First of all, you need to do a request through mavilla form, telling us which URL ("http://claudio-santos.com/") you want to investigate. Then our asynchronous process takes your request and starts to process, what means that a celery task will pick up your request, start the historian.task.investigate_it. Investigate_it task will read the URL through a process called scrape which uses the phantomJS headless browser that read the page, even if it has a JavaScript script and, gets all references. Then we record the URLs in a MongoDB Database and we call investigate_it task recursively.

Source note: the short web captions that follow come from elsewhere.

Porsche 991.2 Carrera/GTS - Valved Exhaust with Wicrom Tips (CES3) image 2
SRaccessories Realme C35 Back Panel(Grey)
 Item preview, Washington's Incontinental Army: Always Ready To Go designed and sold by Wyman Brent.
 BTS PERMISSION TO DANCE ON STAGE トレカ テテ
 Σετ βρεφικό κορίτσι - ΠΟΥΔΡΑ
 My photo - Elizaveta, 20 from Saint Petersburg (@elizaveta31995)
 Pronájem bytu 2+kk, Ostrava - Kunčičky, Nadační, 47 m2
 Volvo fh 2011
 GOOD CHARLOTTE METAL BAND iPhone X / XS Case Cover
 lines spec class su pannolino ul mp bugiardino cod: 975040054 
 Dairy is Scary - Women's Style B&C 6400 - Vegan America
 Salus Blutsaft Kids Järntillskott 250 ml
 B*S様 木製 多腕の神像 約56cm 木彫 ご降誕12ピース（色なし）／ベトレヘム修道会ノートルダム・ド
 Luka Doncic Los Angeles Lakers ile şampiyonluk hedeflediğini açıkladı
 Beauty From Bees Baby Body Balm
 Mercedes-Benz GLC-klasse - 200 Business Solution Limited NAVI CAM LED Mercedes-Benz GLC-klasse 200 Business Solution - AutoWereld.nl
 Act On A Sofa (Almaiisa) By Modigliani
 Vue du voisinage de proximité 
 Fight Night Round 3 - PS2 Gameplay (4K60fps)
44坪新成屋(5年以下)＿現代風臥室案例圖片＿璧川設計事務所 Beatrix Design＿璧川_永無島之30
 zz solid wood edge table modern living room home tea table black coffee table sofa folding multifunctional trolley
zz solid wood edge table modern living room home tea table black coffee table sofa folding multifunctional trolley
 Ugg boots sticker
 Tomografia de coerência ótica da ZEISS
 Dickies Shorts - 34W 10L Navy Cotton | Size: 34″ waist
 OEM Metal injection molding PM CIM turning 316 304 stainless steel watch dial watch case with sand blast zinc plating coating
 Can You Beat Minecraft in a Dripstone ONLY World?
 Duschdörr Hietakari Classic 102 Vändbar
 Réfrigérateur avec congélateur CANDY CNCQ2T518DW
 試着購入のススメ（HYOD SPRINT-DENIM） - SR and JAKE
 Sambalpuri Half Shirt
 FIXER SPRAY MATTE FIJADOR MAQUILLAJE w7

Each time we get an URL, we send back to the website a WebSocket request to tell you (dear user) what we have been doing.
This 'simple' website use a few complex concepts like:
- Websocket;
- Asyncronous process;
- Data Scrape;
- Chains of async tasks;
- Containers;
It's a great source of learning, so take a sit, get comfortable and enjoy.
1- Create the broker with RabbitMQ, and a MongoDB container to get some flexibility on Database Structure. Remember to change the <full_path_folder> to your file system path.
docker run -d --hostname rabbitmq -p 5672:5672 --name ibm-rabbitmq rabbitmq:3
docker run --name ibm-mongo -p 27017:27017 -v <full_path_folder>/data:/data/db -d mongo2- Get those machines IP addresses, which we just created.
docker inspect ibm-mongo | grep IPAddress
docker inspect ibm-rabbitmq | grep IPAddress
3- Then create the mahilla container which has the celery and the webserver
docker run -d --hostname mavilla -p 5000:5000 -e "BROKER_HOST=<BROKER_DB_IP>" -e "WEBSERVER_HOST=localhost" -e "MONGO_HOST=<MONGO_DB_IP>" -e "WEBSERVER_PORT=5000" -e "MONGO_PORT=27017" --link ibm-mongo --link ibm-rabbitmq --name mavilla simplologia/mavilla:latest
4- Go to your web browser and access the http://localhost:5000/, type the website which you want to investigate as follows http://claudio-santos.com/.